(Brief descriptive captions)

::::

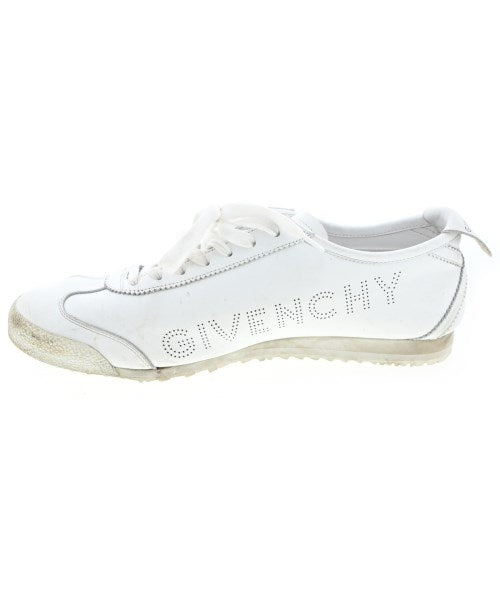 GIVENCHY รองเท้าผ้าใบ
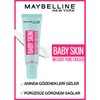 Maybelline Baby Skin Instant Pore Eraser Lightweight Primer 22 ml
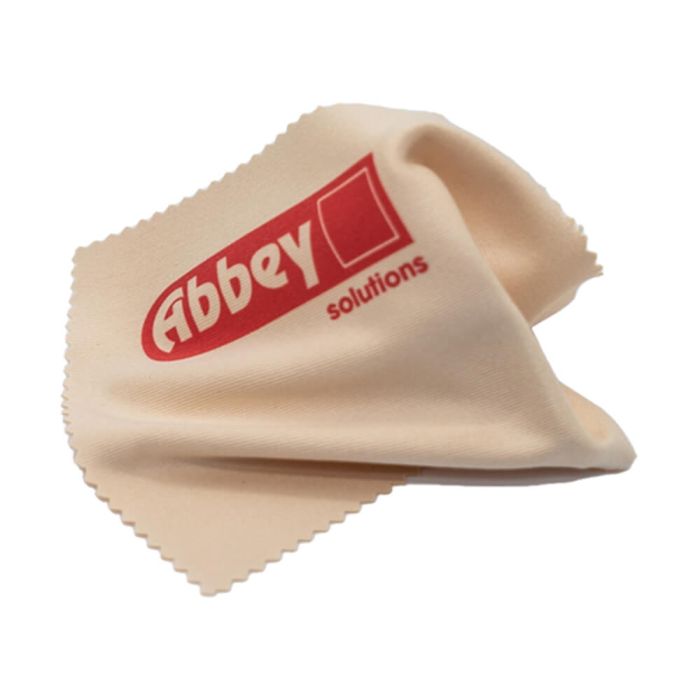 Lens Cloth Abbey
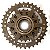 RODA LIVRE 07-VEL. 14/34D INDEX MEGA RANGER 53434 - Imagem 1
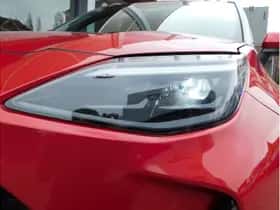 Toyota Yaris Cross (2025) thumbnail 3
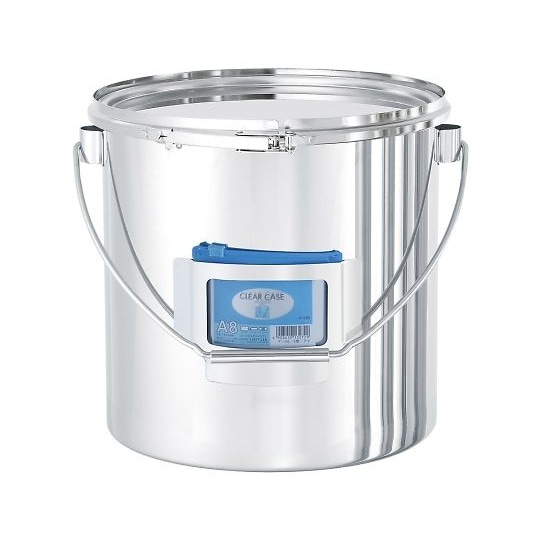 CTLB−CZ−24 カドホルダ付き容器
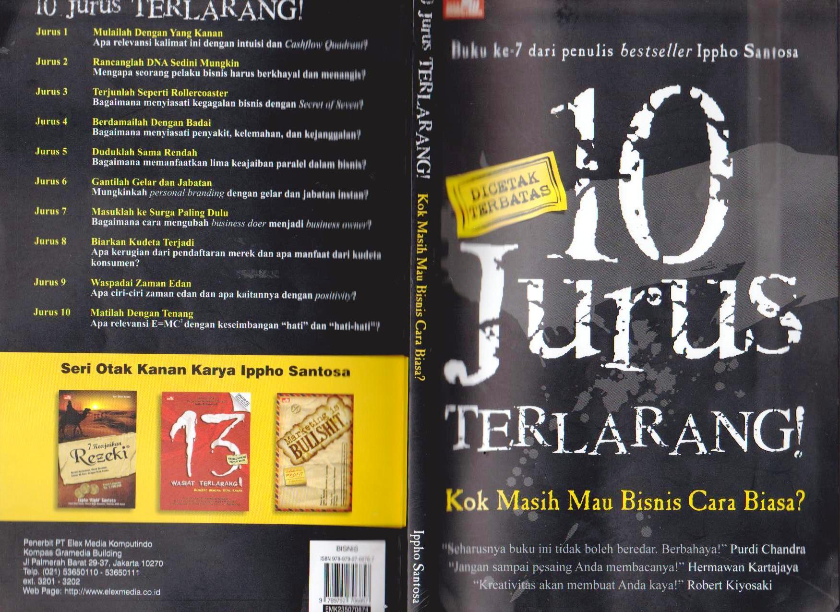 jurus-terlarang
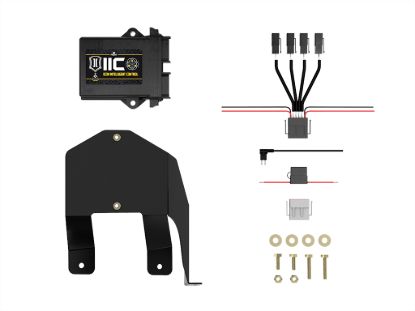 Picture of ICON Vehicle Dynamics Active Suspension Control Module - 93500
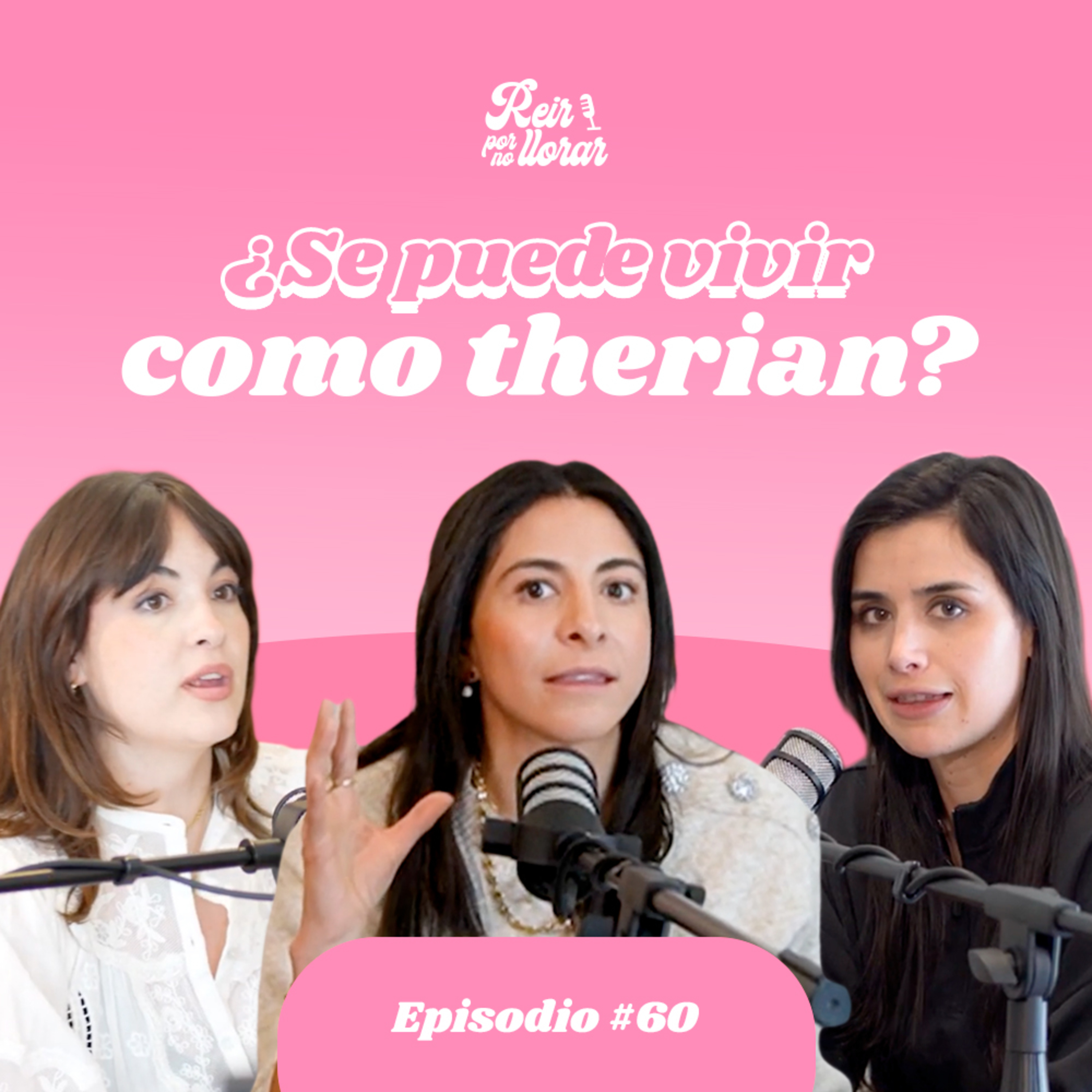 ¿SE PUEDE VIVIR COMO THERIAN? 🤔 Ep. 59 [Therians y Furries] 🐺 - Reír por no Llorar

::::

● Your objective:
Leaving the pictures out, give again word for word each line from the one holding "Lens Cloth Abbey" through the end of the records.

● Answer space:
 Lens Cloth Abbey
 RODA LIVRE 07-VEL. 14/34D INDEX MEGA RANGER 53434 - Imagem 1
 Toyota Yaris Cross (2025) thumbnail 3
 CTLB−CZ−24 カドホルダ付き容器
 jurus-terlarang
 Picture of ICON Vehicle Dynamics Active Suspension Control Module - 93500
 ¿SE PUEDE VIVIR COMO THERIAN? 🤔 Ep. 59 [Therians y Furries] 🐺 - Reír por no Llorar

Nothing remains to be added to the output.